What the task requires. When you reach the line containing "Il garage con", start transcribing exactly and continue through the last line of the data, skipping every picture.

··· Information provided ···

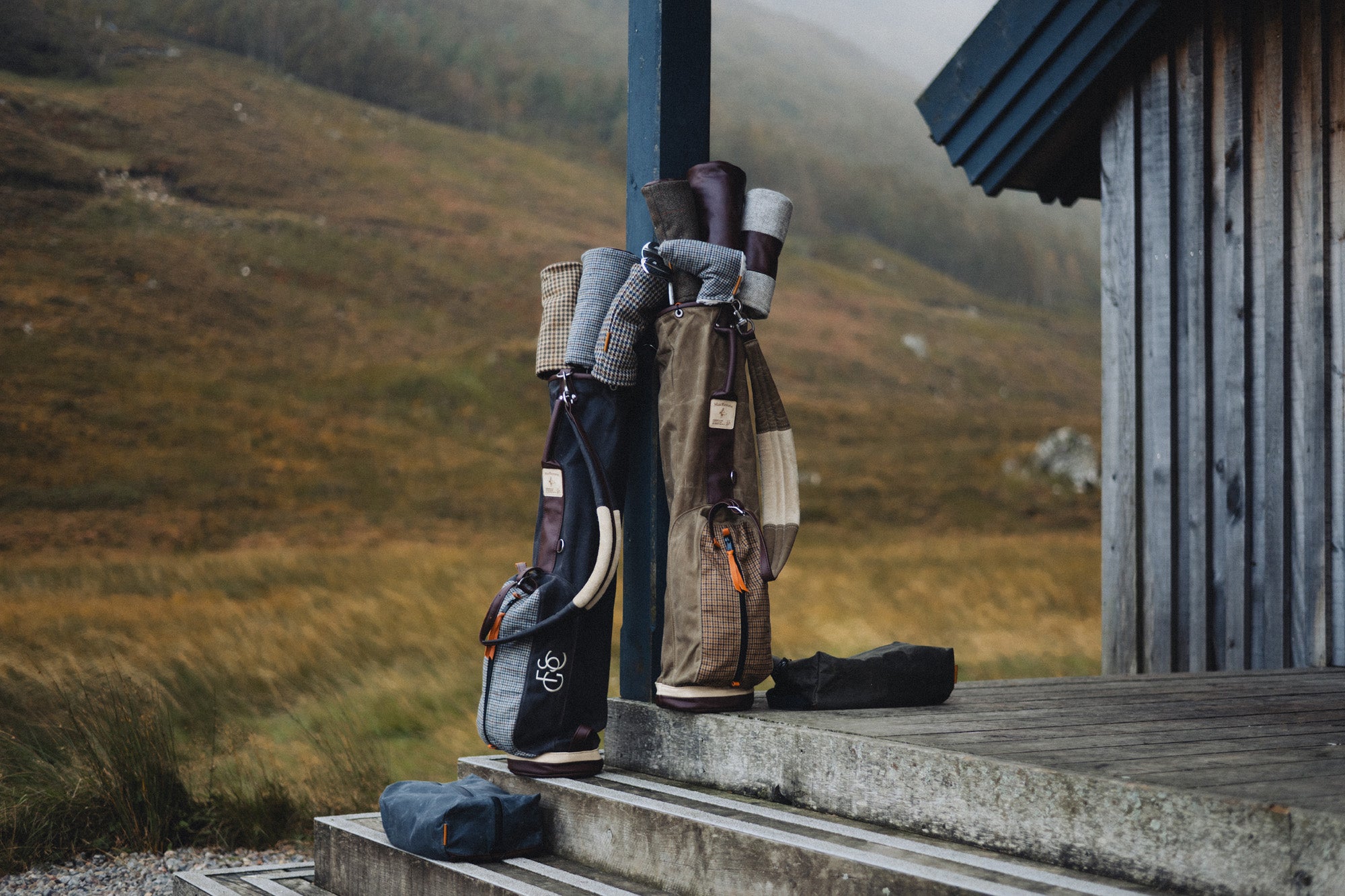 Two MacKenzie x Fyfe bags and shoe bags outside a Highland hut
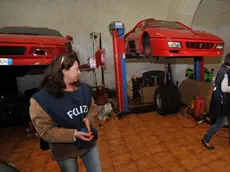 Il garage con le Ferrari di Coretti perquisito dalla polizia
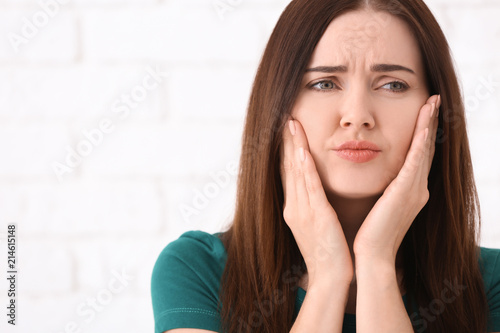 Young woman suffering from ...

···

Reply to the task.
 Il garage con le Ferrari di Coretti perquisito dalla polizia
 Young woman suffering from ...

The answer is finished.